Нам помогали международные фонды, но мы краудфандили и сами как могли. Одна девчонка-волонтерка вернулась из Америки, она там пять лет училась и приехала в Кропивницкий буквально в прошлом году. У неё много друзей в Штатах осталось, она кидала среди них клич, люди скидывались, и она покупала нужные вещи. Норвежцы в начале войны активно скидывались или слали что-то по почте. Но постепенно стала участвовать только украинская диаспора.

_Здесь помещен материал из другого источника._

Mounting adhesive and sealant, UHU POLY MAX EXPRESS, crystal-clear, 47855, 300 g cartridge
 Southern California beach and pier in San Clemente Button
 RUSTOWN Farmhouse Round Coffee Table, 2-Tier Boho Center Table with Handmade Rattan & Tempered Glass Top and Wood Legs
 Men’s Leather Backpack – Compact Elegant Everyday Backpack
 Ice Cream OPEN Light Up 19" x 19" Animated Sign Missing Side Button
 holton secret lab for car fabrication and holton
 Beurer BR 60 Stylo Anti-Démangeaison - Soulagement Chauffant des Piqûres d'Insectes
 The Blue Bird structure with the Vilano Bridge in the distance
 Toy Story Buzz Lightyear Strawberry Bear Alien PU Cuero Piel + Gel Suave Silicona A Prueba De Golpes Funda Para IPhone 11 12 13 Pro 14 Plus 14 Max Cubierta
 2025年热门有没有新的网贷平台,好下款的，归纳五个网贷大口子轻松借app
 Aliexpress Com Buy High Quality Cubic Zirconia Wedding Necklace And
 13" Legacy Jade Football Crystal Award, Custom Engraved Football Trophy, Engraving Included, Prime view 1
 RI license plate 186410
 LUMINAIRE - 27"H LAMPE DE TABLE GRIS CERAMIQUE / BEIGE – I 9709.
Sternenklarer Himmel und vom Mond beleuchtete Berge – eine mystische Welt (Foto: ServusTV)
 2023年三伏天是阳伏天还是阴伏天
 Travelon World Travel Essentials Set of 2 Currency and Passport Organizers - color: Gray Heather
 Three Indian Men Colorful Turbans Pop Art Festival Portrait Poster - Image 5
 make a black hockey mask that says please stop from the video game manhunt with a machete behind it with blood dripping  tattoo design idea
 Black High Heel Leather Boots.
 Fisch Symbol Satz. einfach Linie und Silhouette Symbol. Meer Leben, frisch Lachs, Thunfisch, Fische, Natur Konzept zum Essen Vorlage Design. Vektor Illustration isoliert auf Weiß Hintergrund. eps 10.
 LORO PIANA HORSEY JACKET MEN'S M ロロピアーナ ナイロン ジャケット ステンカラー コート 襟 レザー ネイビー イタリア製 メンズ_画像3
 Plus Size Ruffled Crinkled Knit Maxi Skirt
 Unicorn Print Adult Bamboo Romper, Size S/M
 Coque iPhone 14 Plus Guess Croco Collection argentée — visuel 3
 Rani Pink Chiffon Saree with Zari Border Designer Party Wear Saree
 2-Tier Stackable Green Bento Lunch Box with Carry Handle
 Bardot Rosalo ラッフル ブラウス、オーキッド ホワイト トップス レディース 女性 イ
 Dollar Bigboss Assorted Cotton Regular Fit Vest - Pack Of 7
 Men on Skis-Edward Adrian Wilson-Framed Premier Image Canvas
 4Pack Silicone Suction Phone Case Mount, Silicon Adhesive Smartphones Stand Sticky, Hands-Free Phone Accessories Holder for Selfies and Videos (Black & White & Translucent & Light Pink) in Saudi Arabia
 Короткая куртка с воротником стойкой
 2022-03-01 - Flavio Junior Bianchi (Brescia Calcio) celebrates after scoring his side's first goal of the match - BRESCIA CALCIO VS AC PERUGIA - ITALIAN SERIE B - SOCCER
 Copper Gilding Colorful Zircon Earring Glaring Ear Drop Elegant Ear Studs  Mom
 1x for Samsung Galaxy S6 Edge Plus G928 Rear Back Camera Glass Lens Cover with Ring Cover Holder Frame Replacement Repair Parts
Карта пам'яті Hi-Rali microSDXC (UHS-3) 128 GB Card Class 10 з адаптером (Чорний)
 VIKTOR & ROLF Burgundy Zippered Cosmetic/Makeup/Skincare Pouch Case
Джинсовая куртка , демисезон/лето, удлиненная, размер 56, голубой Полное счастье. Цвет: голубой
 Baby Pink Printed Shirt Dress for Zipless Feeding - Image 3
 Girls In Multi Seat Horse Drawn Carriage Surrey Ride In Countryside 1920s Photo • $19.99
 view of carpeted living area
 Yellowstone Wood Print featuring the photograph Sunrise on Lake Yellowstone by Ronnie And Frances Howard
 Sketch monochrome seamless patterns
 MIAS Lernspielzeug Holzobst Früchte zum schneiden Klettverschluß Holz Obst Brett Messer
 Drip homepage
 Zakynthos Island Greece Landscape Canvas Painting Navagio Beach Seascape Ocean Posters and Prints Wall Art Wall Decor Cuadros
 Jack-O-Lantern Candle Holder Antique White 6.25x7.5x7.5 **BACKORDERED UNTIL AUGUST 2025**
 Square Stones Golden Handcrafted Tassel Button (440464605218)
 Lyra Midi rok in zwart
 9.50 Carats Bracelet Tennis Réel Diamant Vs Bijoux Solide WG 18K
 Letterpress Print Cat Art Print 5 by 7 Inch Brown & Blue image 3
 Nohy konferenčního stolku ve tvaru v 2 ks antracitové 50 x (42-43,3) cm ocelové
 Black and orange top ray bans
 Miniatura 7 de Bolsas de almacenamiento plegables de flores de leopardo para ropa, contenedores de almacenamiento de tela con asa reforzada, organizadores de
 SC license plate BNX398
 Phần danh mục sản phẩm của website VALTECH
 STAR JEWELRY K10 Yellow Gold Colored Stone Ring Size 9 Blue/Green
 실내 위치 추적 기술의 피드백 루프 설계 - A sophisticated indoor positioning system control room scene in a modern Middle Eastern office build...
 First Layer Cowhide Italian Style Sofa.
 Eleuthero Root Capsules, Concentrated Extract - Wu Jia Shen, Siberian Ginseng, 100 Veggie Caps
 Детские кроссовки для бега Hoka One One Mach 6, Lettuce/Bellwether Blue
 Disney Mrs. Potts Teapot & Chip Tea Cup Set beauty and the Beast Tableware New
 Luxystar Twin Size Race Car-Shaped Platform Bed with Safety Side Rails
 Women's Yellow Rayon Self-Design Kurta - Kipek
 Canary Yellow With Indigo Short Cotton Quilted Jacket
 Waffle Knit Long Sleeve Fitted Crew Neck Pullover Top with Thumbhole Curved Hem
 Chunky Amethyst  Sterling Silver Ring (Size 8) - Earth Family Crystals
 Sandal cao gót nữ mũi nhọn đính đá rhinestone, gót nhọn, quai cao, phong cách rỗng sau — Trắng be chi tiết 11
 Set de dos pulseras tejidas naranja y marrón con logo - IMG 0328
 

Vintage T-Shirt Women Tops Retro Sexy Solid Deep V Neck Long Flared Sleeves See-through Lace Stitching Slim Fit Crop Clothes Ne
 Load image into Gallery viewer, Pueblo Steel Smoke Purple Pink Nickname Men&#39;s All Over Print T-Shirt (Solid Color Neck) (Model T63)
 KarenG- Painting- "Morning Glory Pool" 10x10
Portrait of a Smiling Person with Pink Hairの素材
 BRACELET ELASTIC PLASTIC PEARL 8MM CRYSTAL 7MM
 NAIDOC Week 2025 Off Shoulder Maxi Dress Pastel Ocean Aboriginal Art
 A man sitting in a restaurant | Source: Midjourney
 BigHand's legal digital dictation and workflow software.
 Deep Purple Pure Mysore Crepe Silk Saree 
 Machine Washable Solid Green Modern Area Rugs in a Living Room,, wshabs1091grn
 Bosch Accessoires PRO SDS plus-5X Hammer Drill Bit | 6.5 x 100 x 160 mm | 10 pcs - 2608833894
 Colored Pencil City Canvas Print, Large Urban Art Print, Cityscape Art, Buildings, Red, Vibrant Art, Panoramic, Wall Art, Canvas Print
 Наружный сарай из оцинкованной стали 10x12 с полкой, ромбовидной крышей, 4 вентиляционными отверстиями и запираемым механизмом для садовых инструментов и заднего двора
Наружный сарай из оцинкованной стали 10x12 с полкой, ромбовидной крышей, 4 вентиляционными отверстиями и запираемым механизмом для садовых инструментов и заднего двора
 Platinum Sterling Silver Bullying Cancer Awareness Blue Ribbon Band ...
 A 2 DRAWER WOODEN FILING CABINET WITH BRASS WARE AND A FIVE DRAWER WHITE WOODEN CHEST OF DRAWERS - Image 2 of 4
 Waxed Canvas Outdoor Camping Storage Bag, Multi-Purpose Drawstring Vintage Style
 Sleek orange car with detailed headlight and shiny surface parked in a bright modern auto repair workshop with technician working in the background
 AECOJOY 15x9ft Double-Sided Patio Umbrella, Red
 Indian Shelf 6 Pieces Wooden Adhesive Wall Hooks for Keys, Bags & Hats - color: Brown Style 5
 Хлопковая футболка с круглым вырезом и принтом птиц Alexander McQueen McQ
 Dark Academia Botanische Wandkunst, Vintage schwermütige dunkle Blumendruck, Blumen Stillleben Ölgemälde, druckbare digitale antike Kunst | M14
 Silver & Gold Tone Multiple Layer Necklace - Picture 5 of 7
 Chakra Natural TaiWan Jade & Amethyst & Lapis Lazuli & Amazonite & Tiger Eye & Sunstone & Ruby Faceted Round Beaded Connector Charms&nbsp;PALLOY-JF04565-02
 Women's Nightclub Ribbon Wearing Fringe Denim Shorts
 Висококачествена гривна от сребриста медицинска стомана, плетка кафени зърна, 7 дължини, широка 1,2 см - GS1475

У волонтеров силы заканчиваются. В самом начале я не чувствовал выгорания. Помогать другим быстро стало рутиной. Но в таком деле про свои потребности забываешь и не помнишь, когда ел в последний раз, когда спал. К концу весны наступило конкретное выгорание, и не у меня одного. Мы пригласили психолога, занимались с ним в выходные, она объясняла, как с этим бороться, как пополнять свой психологический баланс, чтобы не полностью оставлять все силы на работе. В какой-то момент мое состояние нормализовалось, но осенью опять стало тяжеловато.
Сейчас я, можно сказать, ушел в свободное плавание. Мне до сих пор шлют из Норвегии помощь, я стремлюсь раздавать ее более адресно. Я сфокусировался на гуманитарной помощи молодым мамам с грудными детьми. На мой взгляд, они — наиболее уязвимая группа среди переселенцев.
У меня был постоянный пассивный доход с веб-сайтов, которые были созданы еще до войны, и все эти 8 месяцев я волонтерил на голом энтузиазме. К сожалению, сейчас мой пассивный доход полностью исчерпался. Теперь передо мной стоит дилемма: либо закончить гуманитарную миссию и вернуться к обычной работе, либо продолжить волонтерить — но для этого необходимо хотя бы минимальное финансирование.
Возможно, в Украине или за границей найдется компания, организация или фонд, который захочет взять под крыло этот полностью сформированный мини-гуманитарный центр в Кропивницком. Поэтому сегодня я прошу помощи.
Мне совсем не хочется оставлять эту миссию. Я получаю огромное удовольствие и удовлетворение помогая людям, вижу большой смысл в том, что я делаю. Тем более, что сделано очень много, по сути — готово целое подразделение с налаженными процессами логистики.